Voice-based services technologies have been undergoing change for decades, ever since the early, primitive voice response systems of the 1980s. Underpinning these changes has been the technology advancement beyond robotic, impersonalized sounding dialogs towards humanistic engagement and a conversational experience. 

As a result of this, the bar of user expectations continues to be raised. Soleo’s Voice Services Platform (VSP) employs current state-of-the-art technologies in a framework that provides for the integration of network and speech technology improvements as they become available. Soleo’s historic expertise in the universe of in-network carrier class IVR systems provides a rock-solid foundation upon which to evolve and extend these technologies.

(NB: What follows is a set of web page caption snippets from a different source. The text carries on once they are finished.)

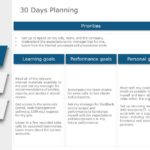 Animated 30 60 90 day plan for Sales Managers PowerPoint Template & Google Slides Theme
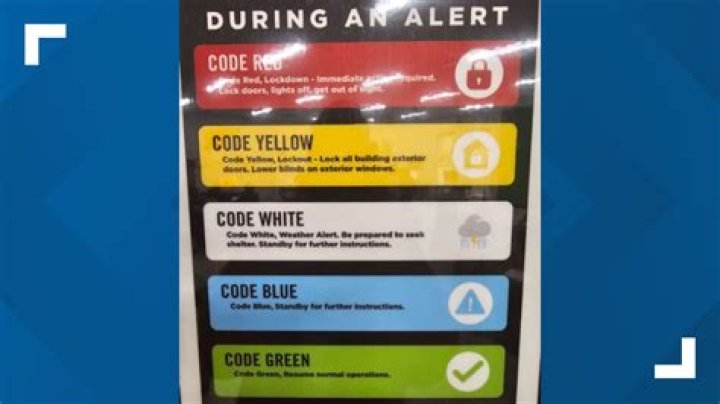 What does code 823 mean?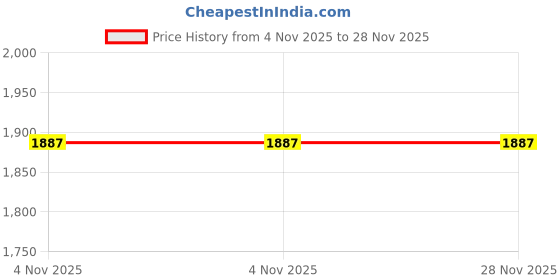 industrybuying.com FITVIT Tank Nipple Socket 63.50 mm (2 1/2 Inch) CPVC Fitting WB (Pack of 5) fitvit Price History Graph from 4 Nov 2025 to 28 Nov 2025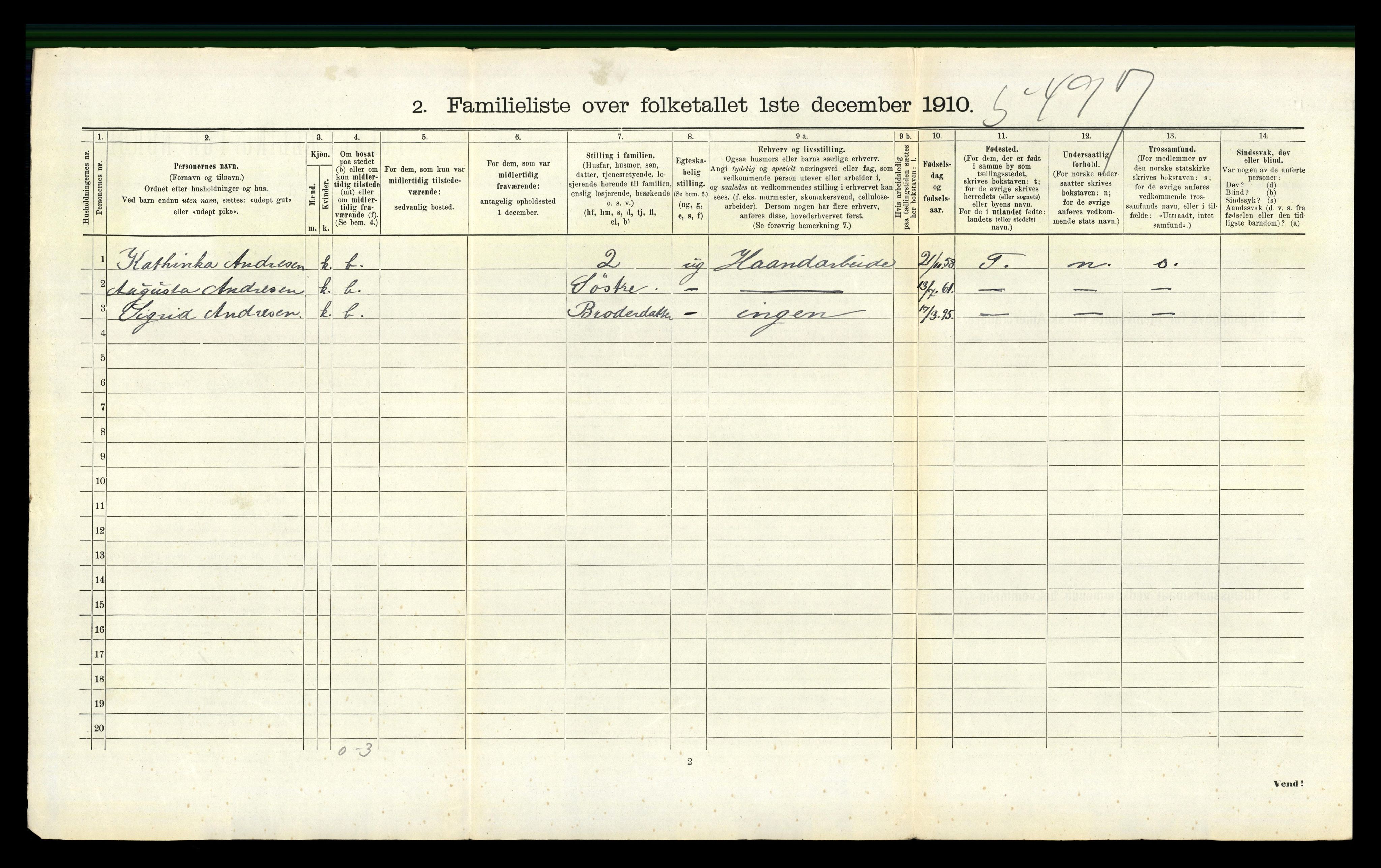 RA, 1910 census for Kristiansand, 1910, p. 3853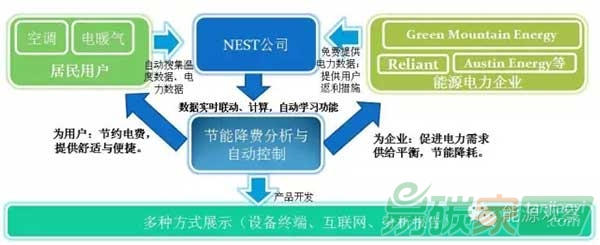 NEST產品商業模式示意圖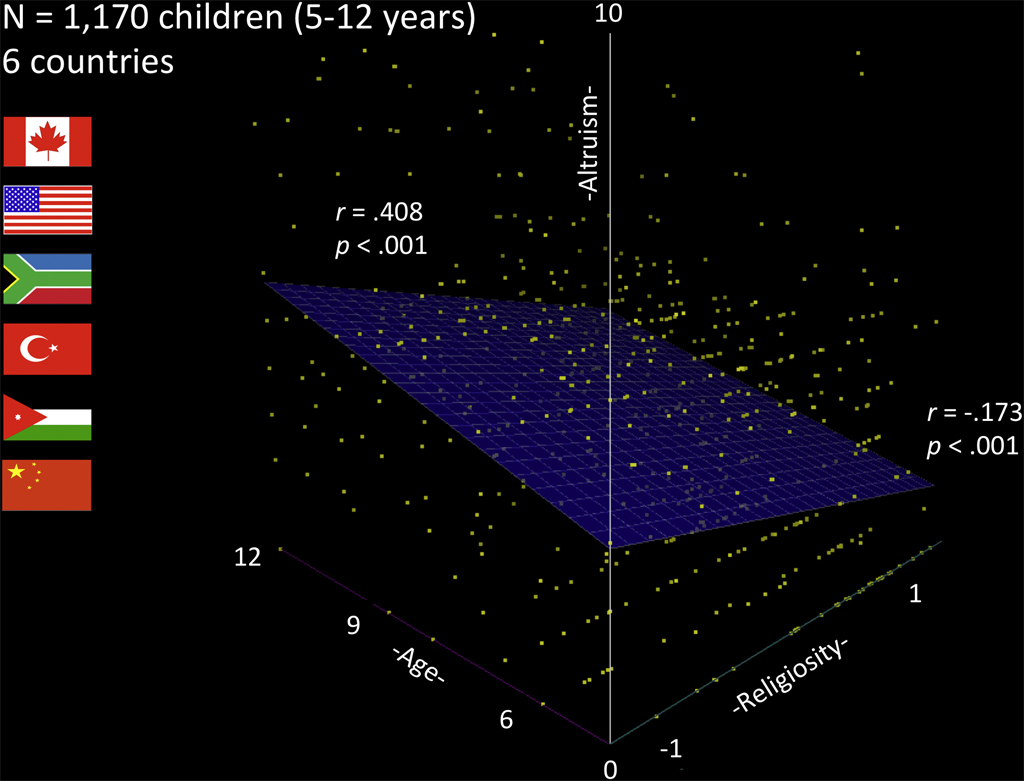 Релігійне оточення зменшує дитячу альтруїстичну поведінку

The role of the VSP is to deliver conversational “concierge-like” service interactions to a voice-based user enabled by Soleo’s AI-driven discovery engine.  The overall success of the platform is measured by the degree to which it can mimic the conversational flow and dynamics that an intelligent human agent would provide. Just as with human conversation, there are two separate and dialogue elements that need to be addressed concurrently for this to succeed, understanding and speaking.  Working with the Language Models in the Discovery Engine, the VSP is enabled to both understand conversational speech, as well as communicate text-based replies in a natural and conversational manner.   For this reason, the VSP must be able to:

  • Interpret – Speech recognition first began to appear in the telephone network in the mid 1990s where it was used by Carriers to (partially) automate directory assistance calls.   Since then the industry has experienced a technology revolution, that was almost unimaginable then. The VSP incorporates these evolved technologies, so as to be able to probabilistically interpret individual words, along with possible alternative interpretations and the relative confidence in each. In doing this, the VSP will often attempt to resolve ambiguities with the caller, using replies such as “I think you meant” to confirm interpretations. These interpretations, along with their relative confidence scores, can then be passed to the Discovery Engine to select the correct meaning from the scored interpretations, supplying contextual understanding and derivation of actual intent.
  • Speak – Natural Language Generation (NLG) has experienced similar advances in technology. Callers now expect to hear “human-sounding” responses, and the VSP is the final piece of this process before responses are returned to the caller.  Outside of the manipulation of the text itself, which is done by the Discovery Engine, the VSP supplies the bulk of the humanization, supplying various voice characteristics such as inflection to improve intelligibility.

The introduction of Speech Synthesis Markup Language in 2010 provided for much richer and intelligent manipulation of speech by entities such as the discovery engine. For example, the Discovery Engine may now flag text with “Say as Address”, telling the synthesizer to speak “St.” as “Street” and not “Saint” and to speak numbers in a manner consistent with address constructs.

Going forward, Soleo’s VSP and Discovery Engine together will have the capacity to offer advanced Natural Language capabilities that allow real-time, context-aware adjustment of dialogues. The growth in these capabilities will move us further towards the ultimate goal of providing interactions that are indistinguishable from human ones.


Session Initiation Protocol

The Voice Services Platform functions as a communications gateway for all voice traffic, whether as part of a Soleo Hosted site or elsewhere. As such, it needs to be capable of communicating with a variety of different entities that connect through both packet and switched networks. Some of these entities are “user facing” in the sense that they utilize the VSP primarily as a query/response gateway. In the case of Intercept, (Number not Found) traffic, or inbound traffic from Directory Assistance, the platform may be taking traffic directly from network switches.

Conversely, the VSP also connects dynamically to “cloud” resources to process language recognition and generation, including the Discovery Engine as well as connecting to external content repositories such as listing directories and ad servers.

When a client voice caller initiates a dialogue, the Voice Services Platform orchestrates the connectivity, resources, and facilities necessary to ensure the most relevant, natural, and conversational dialogue that the technology can provide, in the most cost-effective way possible.

Positioned for Evolution

Soleo’s ancestry in large-scale telephony providing network-based automated Directory Assistance and hosted call transfer solutions to carriers has resulted in a deep understanding, acquired over decades, of the nuances and idiosyncrasies of providing effective voice services in demanding environments.